Pound to euro exchange rate: How will the struggling pound affect your October holiday?


Pessimistic comments from the Banks of England (BOE) saw the GBP plummeting last week, and further Brexit talks suggest turbulence is ahead. With no clear ending in sight it is uncertain what lies ahead for England as the government continue to battle it out to reach an adequate conclusion for the future of the county. However, the Bank of England have suggested interest rate cuts are likely regardless of the decision reached by parliamentary leaders. With hundreds of Britains preparing for their October half-term holiday, all eyes are on the exchange rate to see if sterling regains any of its former strength.

According to Bloomberg the pound is currently trading at 1.124 against the euro at the time of writing.

With the economy facing its own troubles, the fate of the pound relies largely on British policymakers. Prime Minister Boris Johnson fuelled an additional wobble as he exacerbated fears of an early general election, while maintaining that the UK will push forward with leaving the EU on October 31.

In the wake of an impending early election, opposition parties are rallying for the removal of a no-deal Brexit all together.

Even if the Prime Minister achieves his goal of an end of October Brexit, there remains some hope for the pound.

If Johnson successfully strikes suitable deals for the country, side-stepping a risky no-deal, sterling is anticipated to regain its ranking.

Michael Brown, currency expert at Caxton FX, spoke to Express.co.uk regarding the latest exchange rate figures.

He said: “Sterling struggled against the euro on Friday after dovish comments from BoE policymakers Saunders raises the chances of interest rate cuts, even in the event of an orderly Brexit.

“The pound now has to contend with the unenviable mix of ongoing Brexit uncertainties, a slowing economy and the prospects of looser monetary policy.

“Turning to the week ahead, shifts in Brexit sentiment will remain the key driver of the pound, with attention likely centring on the Conservative Party Conference. Markets will also focus on today’s final Q2 GDP figures, along with this week’s PMI surveys.”

For British holidaymakers, the affect of Brexit is already being felt, despite its pending status.

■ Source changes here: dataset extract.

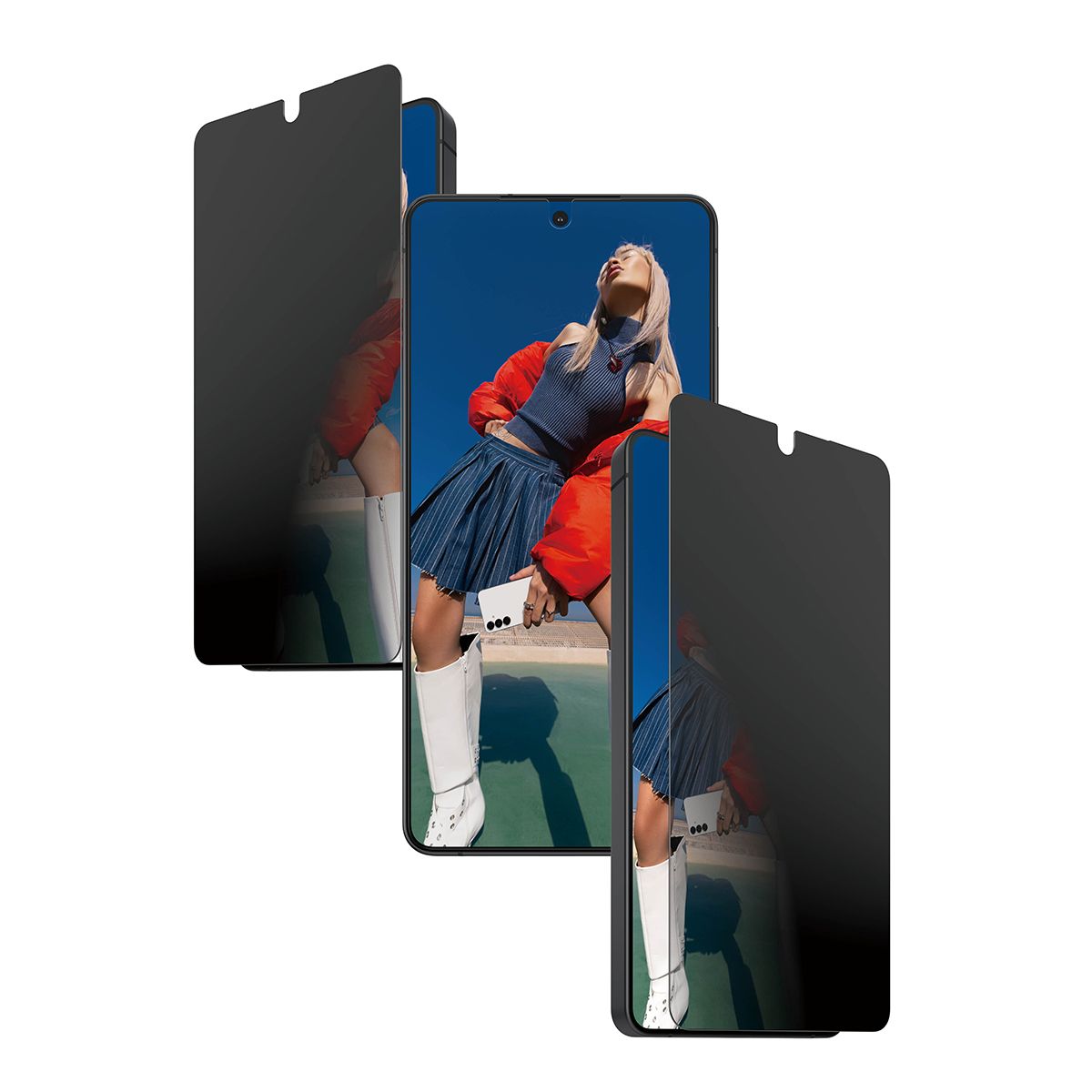 PanzerGlass Privacy Screen Protector Samsung Galaxy S26 Ultra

The Post Office is currently offering an exchange rate of €1.1011 for over £400 and €1.1056 for over £1,000. However, even with a fairly average rate, Briton’s are fearful of the future.

New research has revealed that over half of UK residents surveyed report concerns about the impact leaving the EU will have on the cost of currency and ultimately their holiday.

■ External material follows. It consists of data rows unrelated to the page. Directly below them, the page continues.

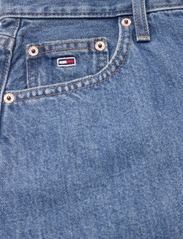 Tommy Jeans - MOM UH SKIRT BH0034 - korte rokken - denim medium - 2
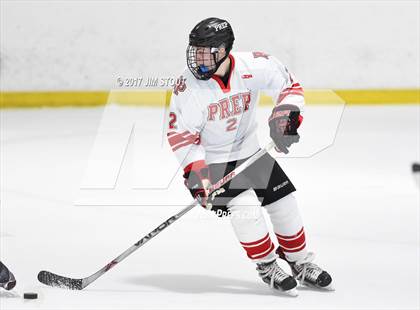 Thumbnail 3 in SGWL @ Fairfield Prep (CIAC Division I 1st Round) photogallery.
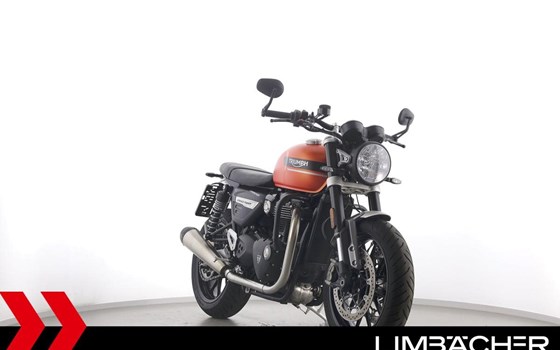 Gebrauchtmotorrad Triumph Speed Twin 1200 - Bild 2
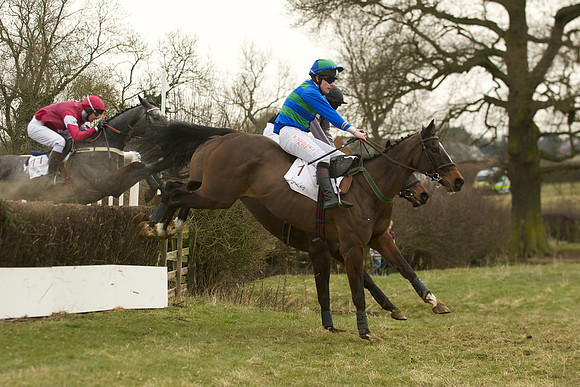 Race 6 -  38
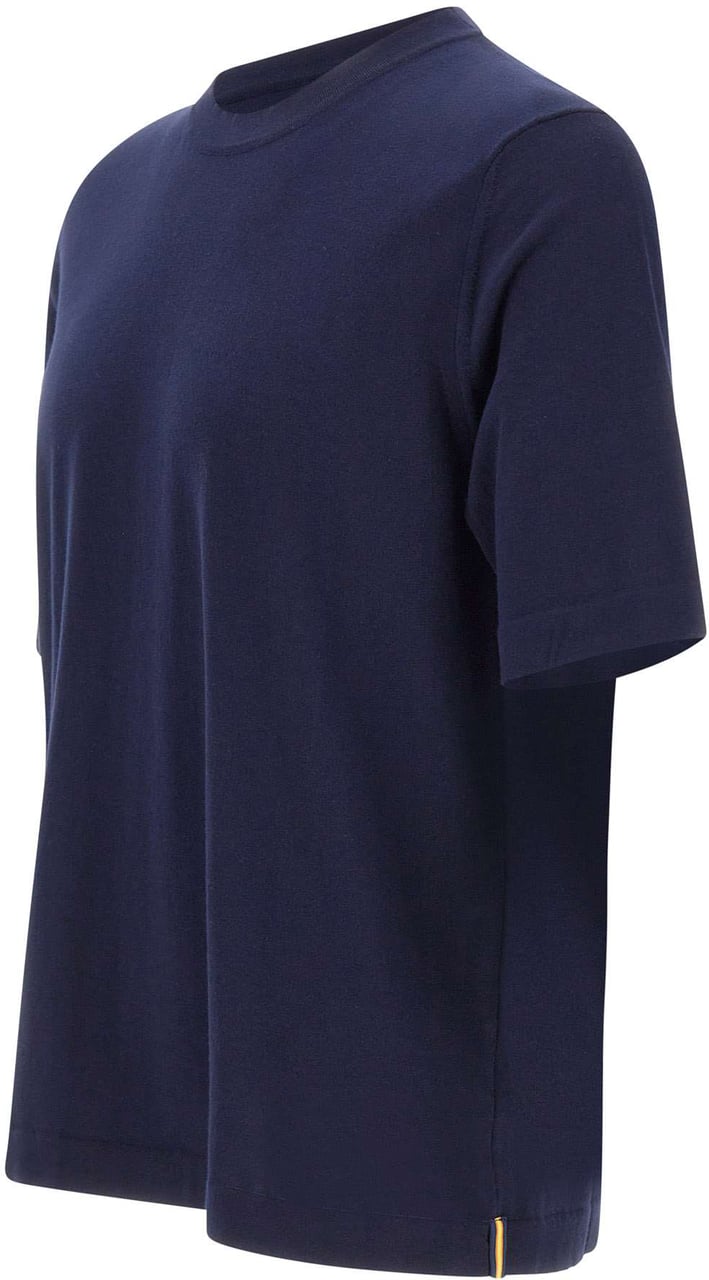 K-WAY Sweaters Blue Navy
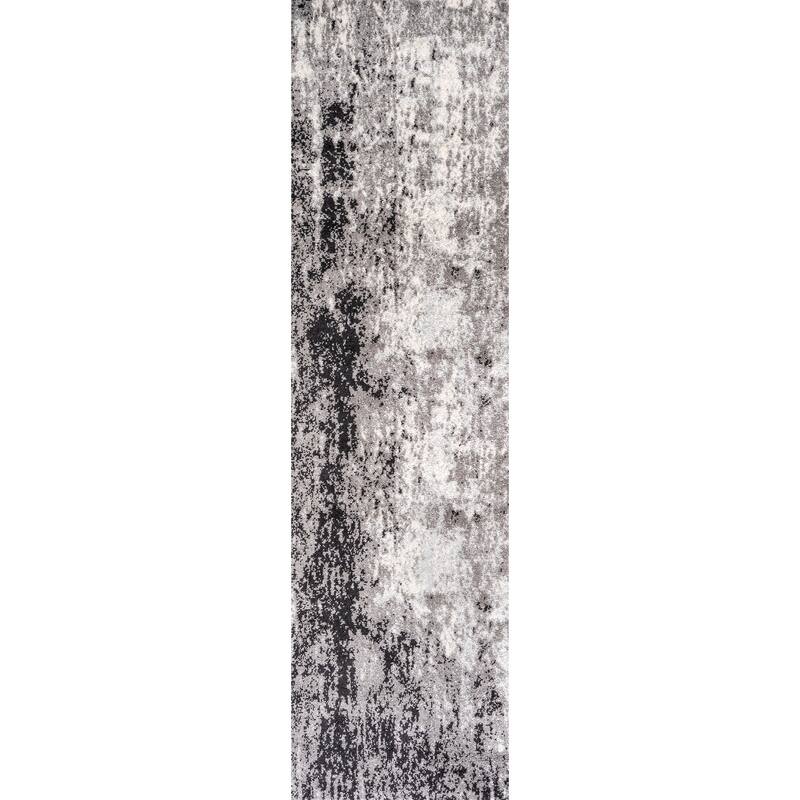 JONATHAN Y Shore Modern Abstract Area Rug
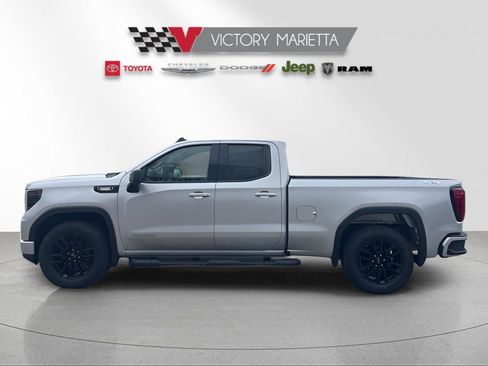 Used 2022 GMC Sierra 1500 Elevation image 7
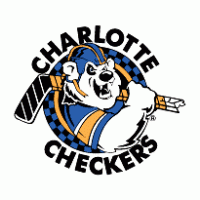 Charlotte Checkers Logo PNG Vector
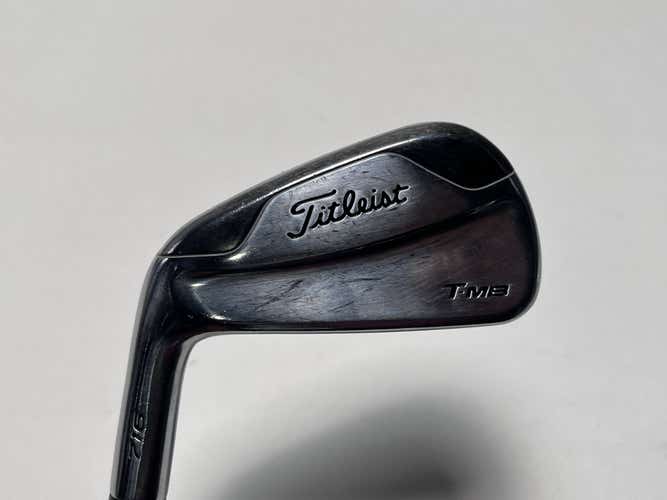 LEFTY Titleist 716 T-MB Single 4 Iron True Temper XP 90 R300 Regular LH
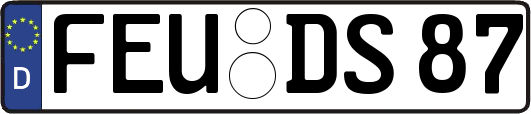 FEU-DS87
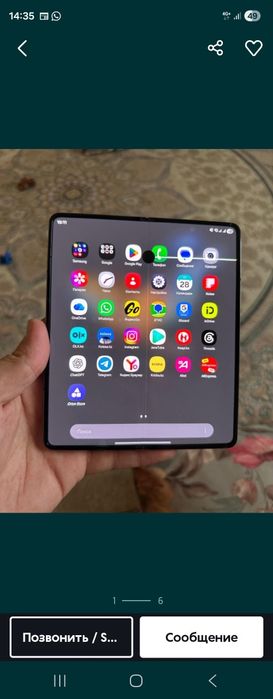 Продам z fold 4 в хорошем состоянии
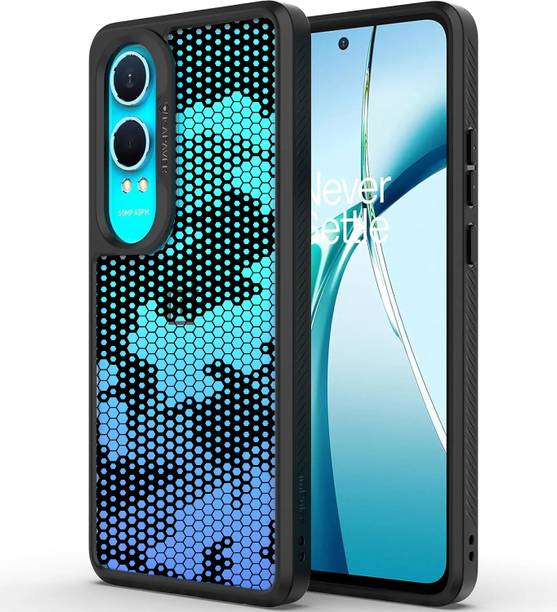 Kapaver Back Cover for OnePlus Nord CE4 Lite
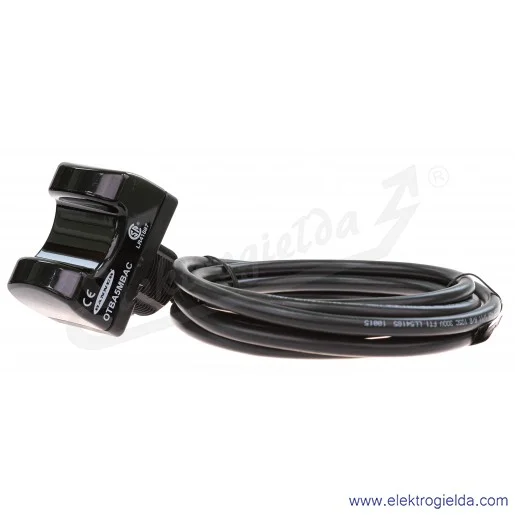 Czujnik indukcyjny 1537802 NI25-CK40-LIU-H1141 zasięg 5..25mm, zasilanie 15..30VDC M12 4P, wyjście analogowe 0-10V/0-20mA Czujnik indukcyjny 1537802 NI25-CK40-LIU-H1141 zasięg 5..25mm, zasilanie 15..30VDC M12 4P, wyjście analogowe 0-10V/0-20mA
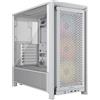 Corsair FRAME 4000D RS ARGB Case modulare Mid Tower ATX per PC Flusso d aria elevato 3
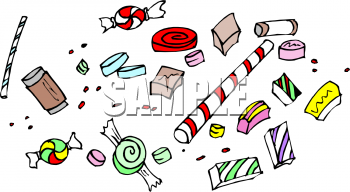 Candy Clipart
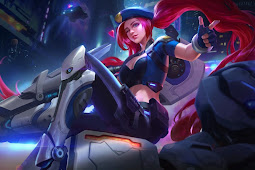 Cara Menggunakan Hero Layla Pasti Kamu GG Mobile Legends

The report was carried about by peer-to-peer travel money provider We Swap, who discovered that 54 per cent of British holidaymakers say their biggest concern is how the UK’s departure will affect the cost of foreign currency.

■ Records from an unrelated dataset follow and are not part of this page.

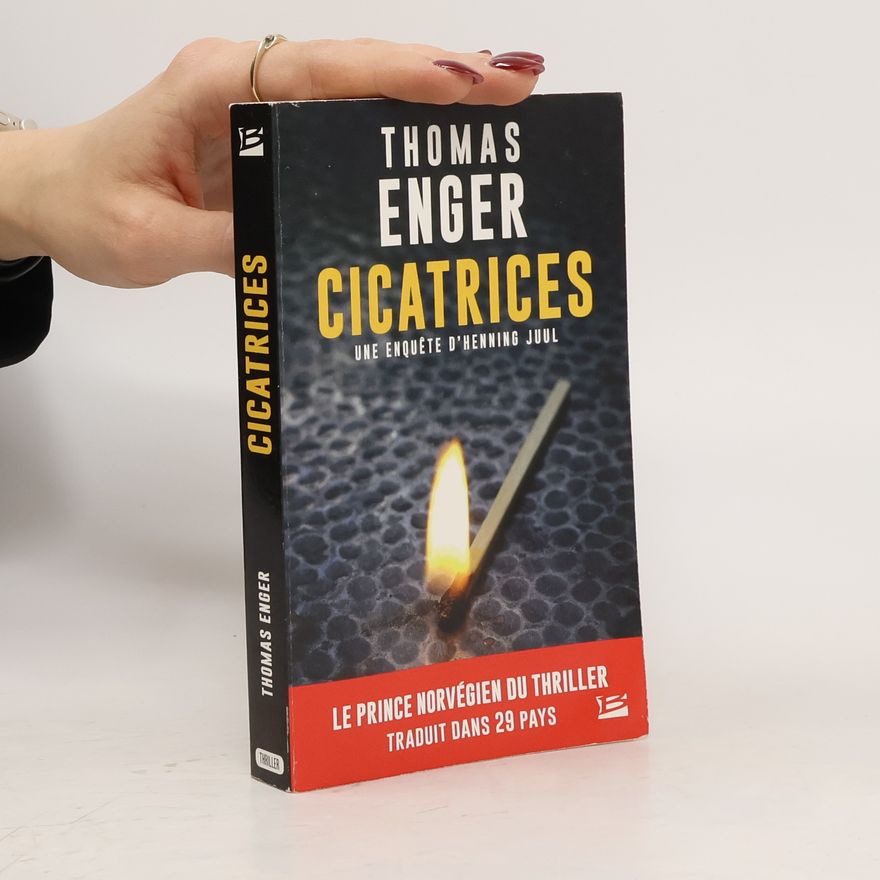 Thomas Enger Cicatrices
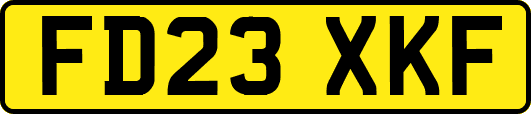 FD23XKF
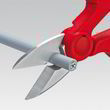 Ножиці електрика Knipex (95 05 155 SB). Фото-6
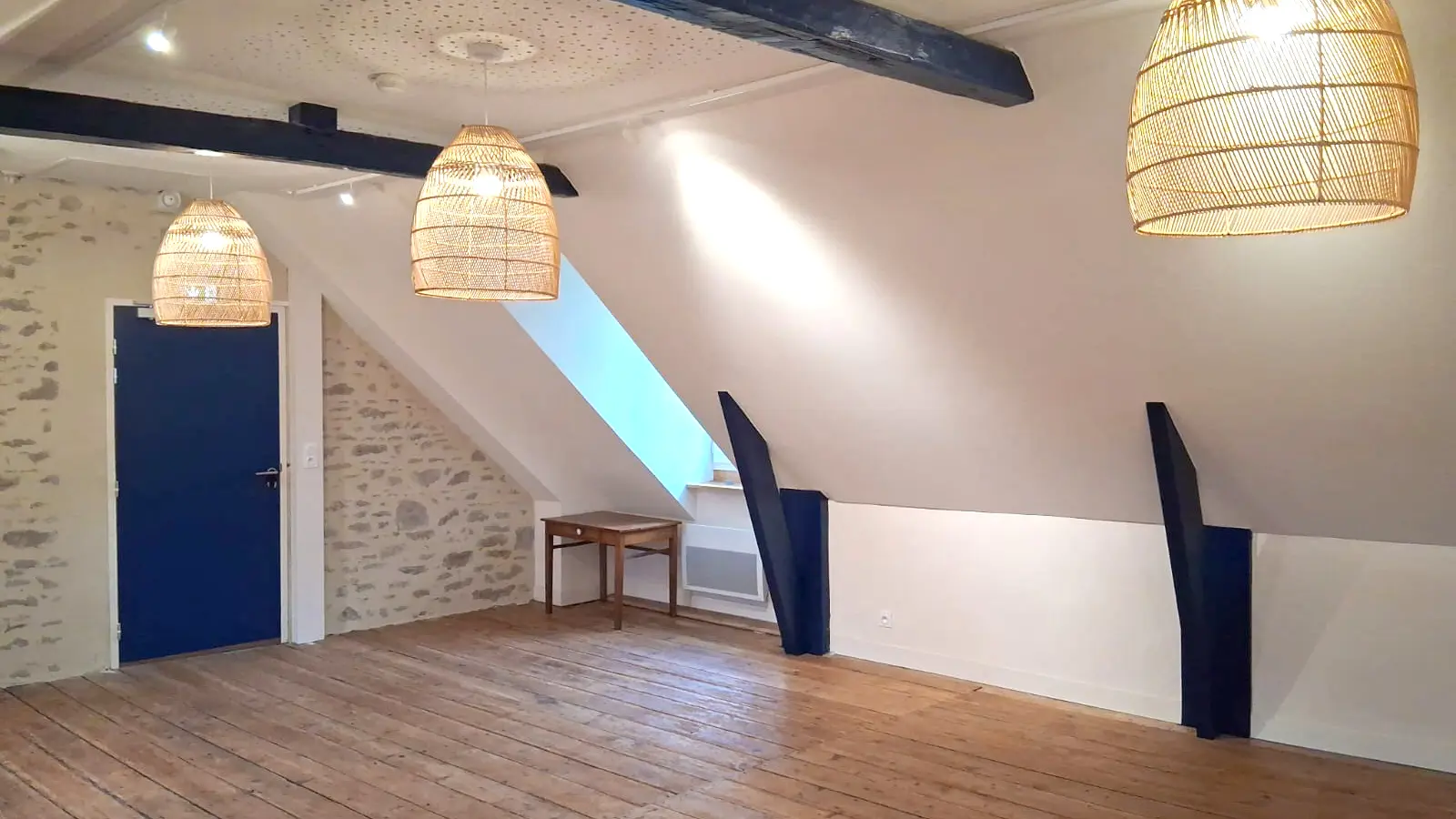 Location - Le Grand Banc - Saint Suliac - Salle Bien être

A further 15.6 million think their annual holiday will take the greatest beating from the move.

Speaking with Express.co.uk, Rob Stross, CMO of WeSwap offered some advice to those with impending travels.

He said: “It is near impossible to predict how the pound’s value will change in the run up to the 31st October, however, it does pay to be aware of any upcoming political events which could affect the pound’s value so that holidaymakers can prepare as much as possible for any outcome.”

“For those looking to go away during the October half term, it would be best to exchange money as early as possible.”

Stross also points out the importance of converting left over money back to pounds. According to WeSwap’s research only nine per cent of Britons change back their leftover currency, totalling a whopping £2.5billion left unused.

He added: “With the exchange rate fluctuating so much recently due to Brexit, travellers returning may be able to get more from their money they have done recently, so it is worthwhile looking at your options when you return to make sure you’re not sat on a small fortune.”